→ WORK INSTRUCTION
Starting at the line that contains "254 Island View", write out each line exactly through the last one in the material below, and nothing more; omit all pictures.

→ DATA EXTRACT
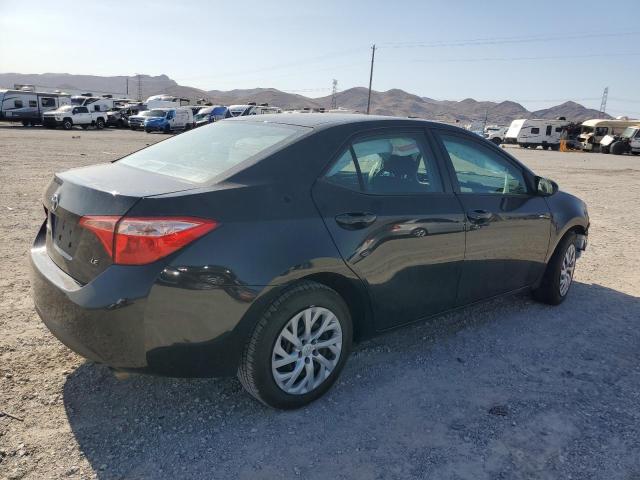 Photo 3 from auction – 2017 TOYOTA COROLLA L with VIN 2T1BURHE0HC837267
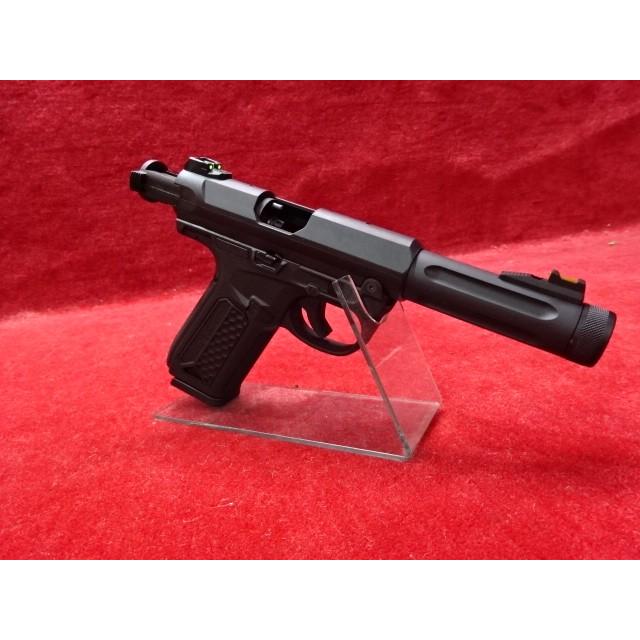 2/25(水)5％OFFクーポン】ACTION ARMY AAP-01 アサシン ガスブロー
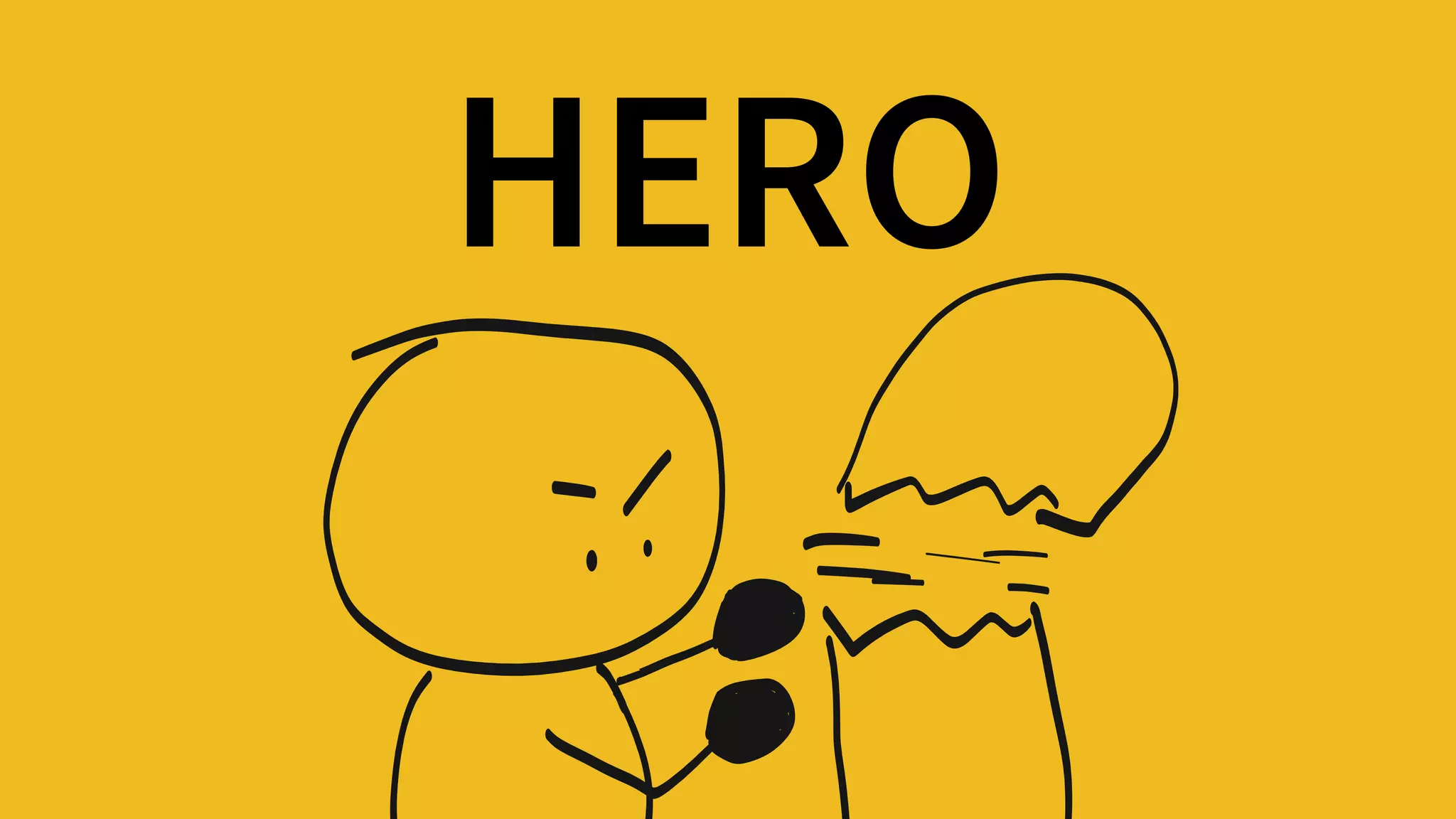 HERO
 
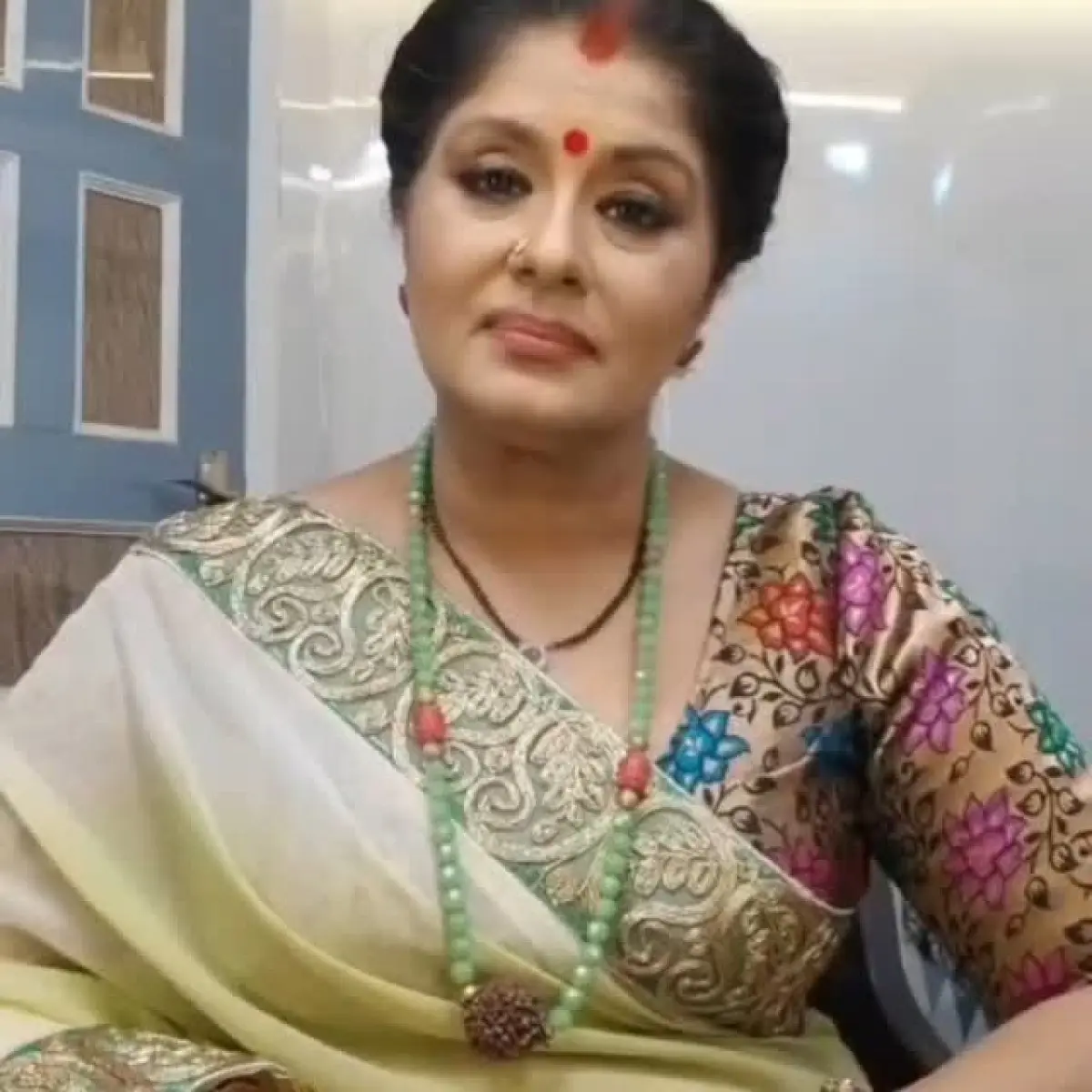 Sudha Chandran Supports Ridhay: A Heartfelt Call For Donations Thankful for Sudha Chandran’s support; uniting hearts to aid Ridhay’s recovery with care!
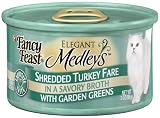 Fancy Feast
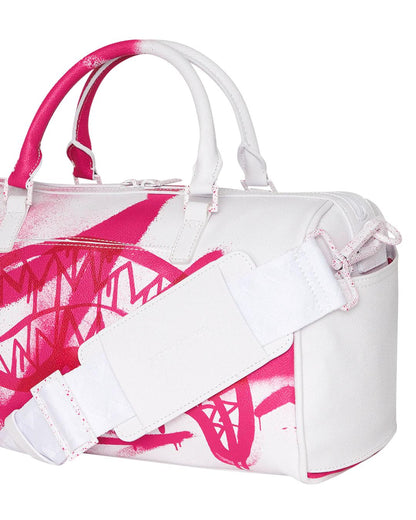 Sprayground DESIGN STORM MINI DUFFLE
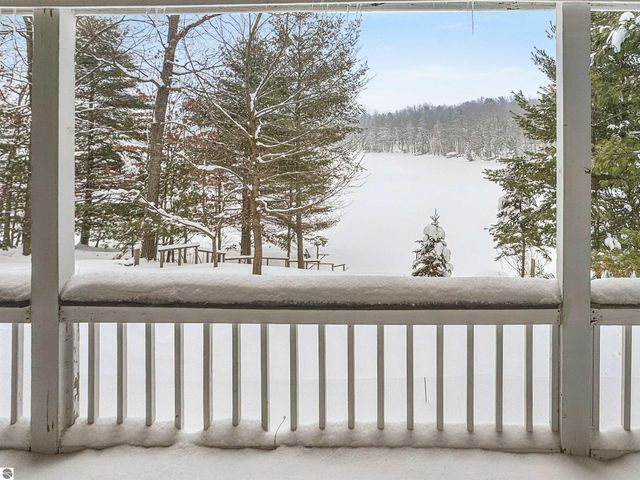 254 Island View Drive, Traverse City, MI 49696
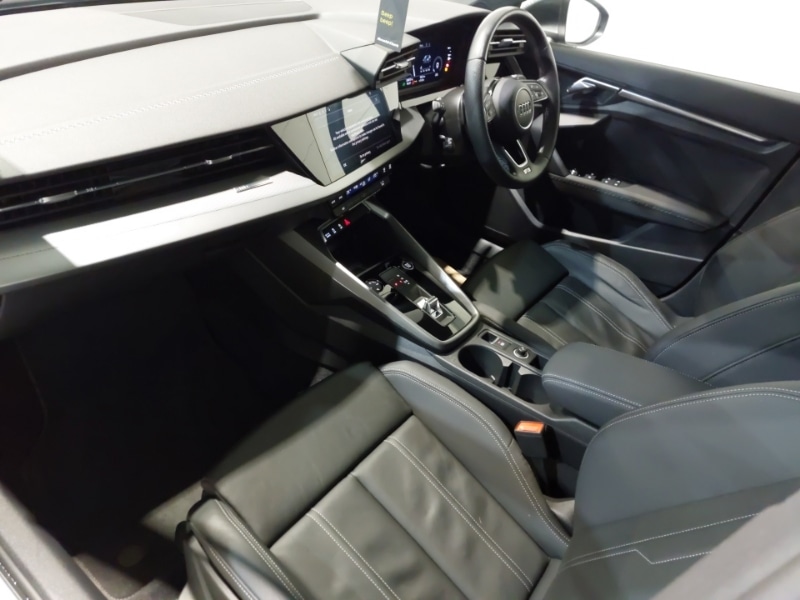 Used Audi A3 2021 for sale - 76418773: Photo 5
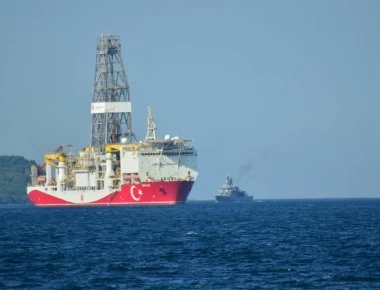 Κυκλώνει με γεωτρύπανα την Κυπριακή ΑΟΖ η Άγκυρα: Το «Γιαβούζ» πλέει στο Αν. Αιγαίο με κατεύθυνση την Κύπρο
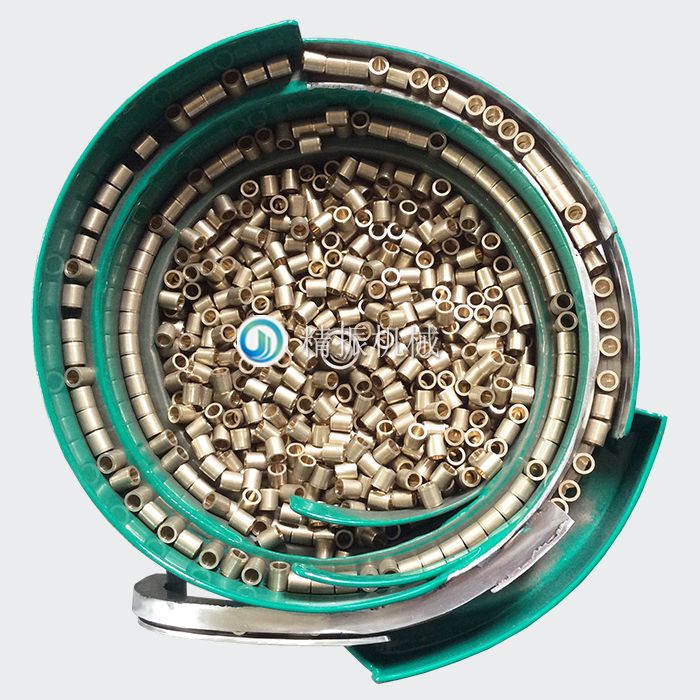 铜环（长）震动盘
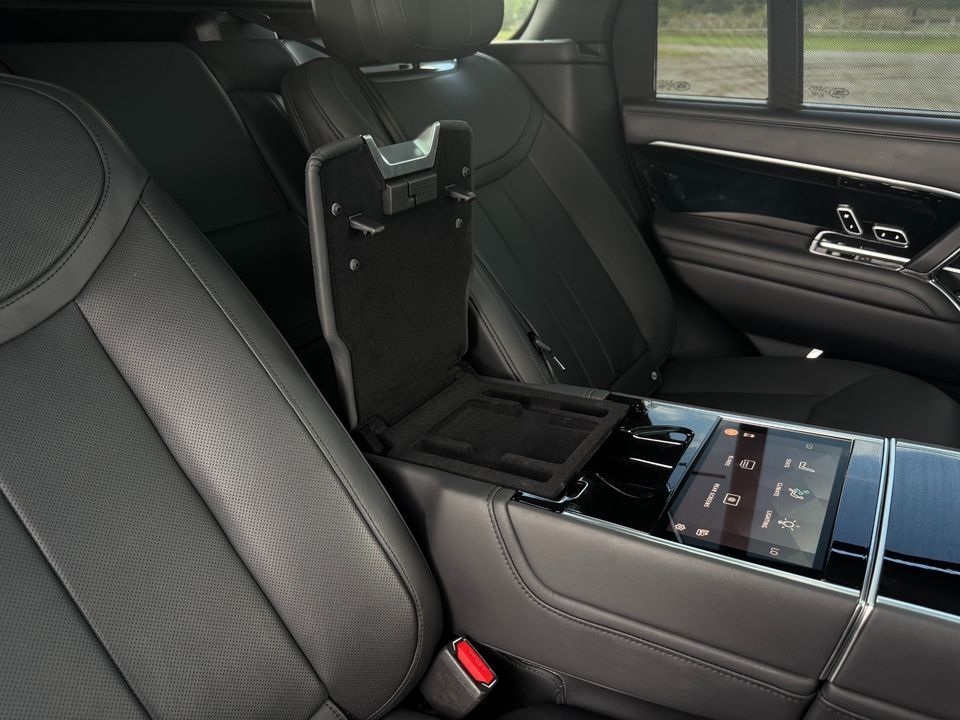 2023 Land Rover Range Rover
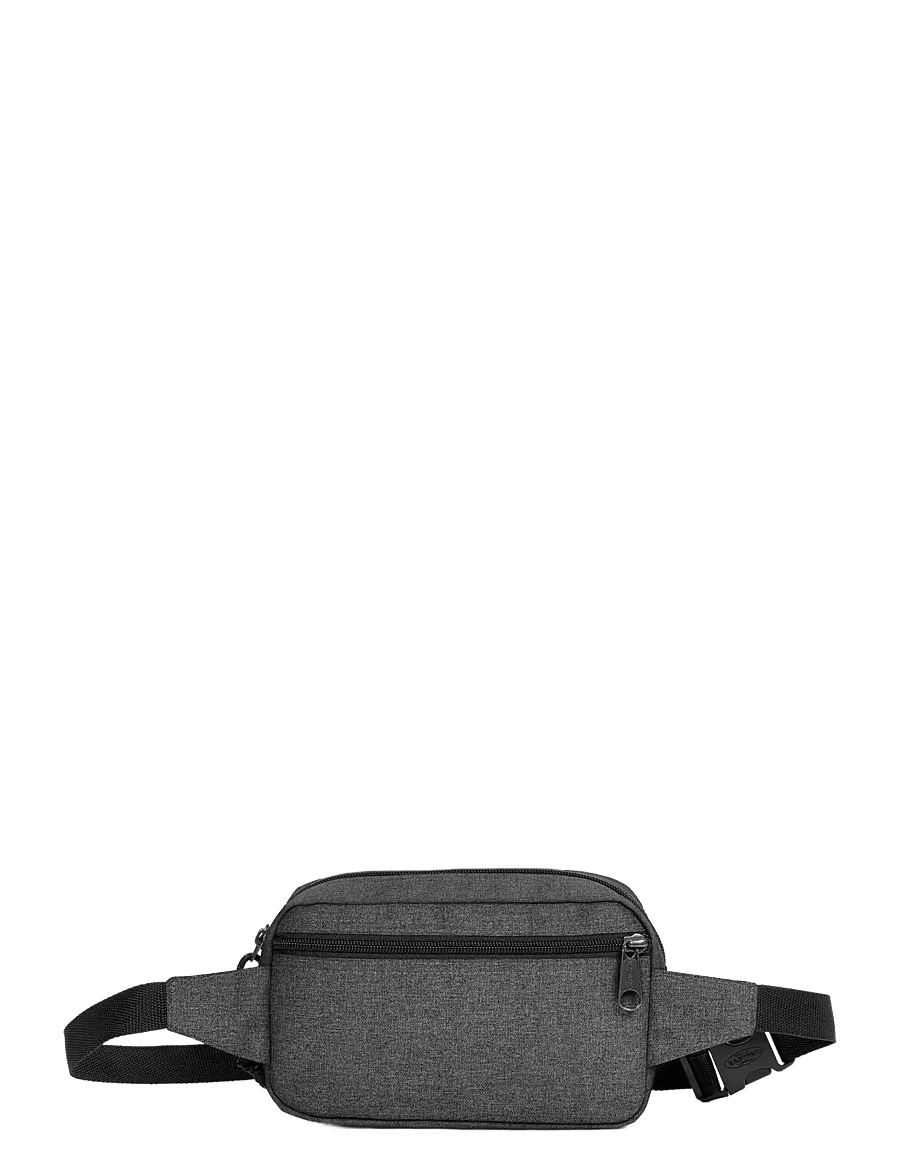 Eastpak - BOUNCER - nach stil kaufen - black - 2
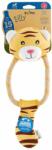 Beco Pets Jucărie pentru câine Beco Dual material - Tigru Tilly M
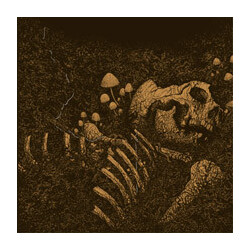 Thrall (3) Aokigahara Jukai Vinyl LP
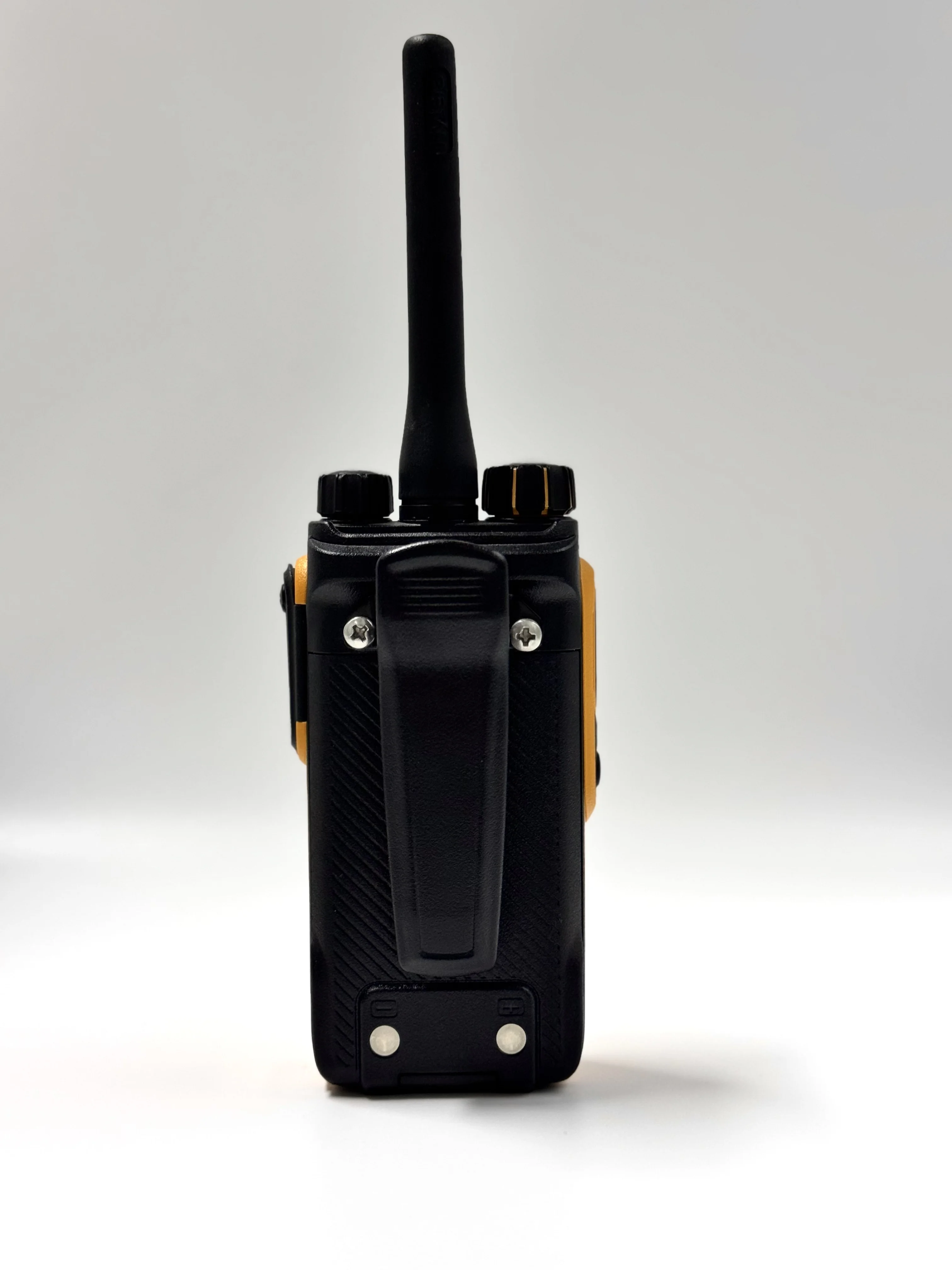 Hytera BD618 detail view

→ RESULT OF THE TASK
 254 Island View Drive, Traverse City, MI 49696
 Used Audi A3 2021 for sale - 76418773: Photo 5
 Κυκλώνει με γεωτρύπανα την Κυπριακή ΑΟΖ η Άγκυρα: Το «Γιαβούζ» πλέει στο Αν. Αιγαίο με κατεύθυνση την Κύπρο
 铜环（长）震动盘
 2023 Land Rover Range Rover
 Eastpak - BOUNCER - nach stil kaufen - black - 2
 Beco Pets Jucărie pentru câine Beco Dual material - Tigru Tilly M
 Thrall (3) Aokigahara Jukai Vinyl LP
 Hytera BD618 detail view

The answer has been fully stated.